Terkadang perempuan lebih cenderung mau berkompetisi, menunjukkan ambisi, dan mencari afirmasi dari pihak sekitar di lingkungan sesama perempuan dibandingkan harus dihadapkan dengan laki-laki. Perempuan akan menciut mentalnya ketika berhadapan dengan laki-laki karena beberapa alasan yang sudah terulas diatas.
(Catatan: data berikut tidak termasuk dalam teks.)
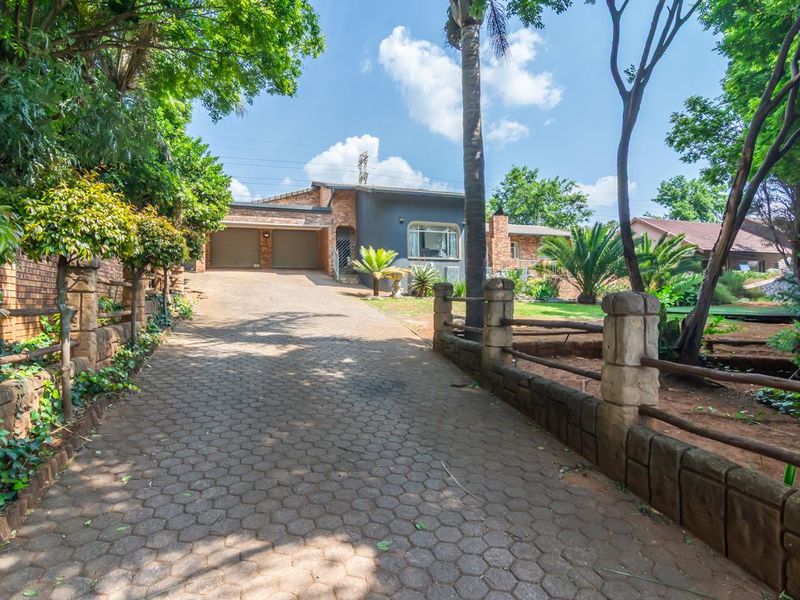 Front view of the property featuring a paved driveway leading to a double garage, surrounded by a landscaped garden and stone-accented fencing.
Perspektif masyarakat tentang perempuan sukses membuat perempuan sering merendahkan kesuksesannya, dan mengatakan hal itu adalah hanya sebuah ‘keberuntungan’ atau ‘takdir’.

Rhenald Kasali, mengatakan bahwa perempuan Indonesia harus memiliki sifat tertentu agar menjadi pebisnis atau pemimpin sukses, salah satunya sifat tenang. Karena ambisi yang terlalu besar pada perempuan justru akan menjadi bumerang. Ditambah lagi kata pepatah yang mengatakan "Dibalik perempuan sukses ada cinta yang gagal". Pernyataan tersebut membuat perempuan merelakan cita-citanya terkubur dalam-dalam akibat konstruk pemikiran yang dibuat masyarakat di ranah publik.

Tuhan menciptakan laki-laki dan perempuan untuk saling melengkapi tidak untuk saling mendominasi. Setiap individu manusia memiliki kekurangan dan kelebihannya masing-masing. Mengetahui kekurangan masing-masing individu bukan untuk terlihat lemah tetapi untuk menciptakan bagaimana kekurangan mampu menjadi kelebihan. Tugas manusia kepada sesama manusia adalah saling membantu bekerja sama untuk mengelola bumi. Karena manusia adalah 'Khalifah fil Ardh' baik laki-laki maupun perempuan. 

Sebagai sesama perempuan harus saling menguatkan bukan saling menjatuhkan. Karena selain support dari dirinya sendiri perempuan juga membutuhkan support dari eksternal yaitu lingkungannya. Buktikanlah perempuan mampu berdiri sendiri tanpa berkalang di belakang laki-laki tapi bukan berarti perempuan tidak membutuhkan cinta laki-laki.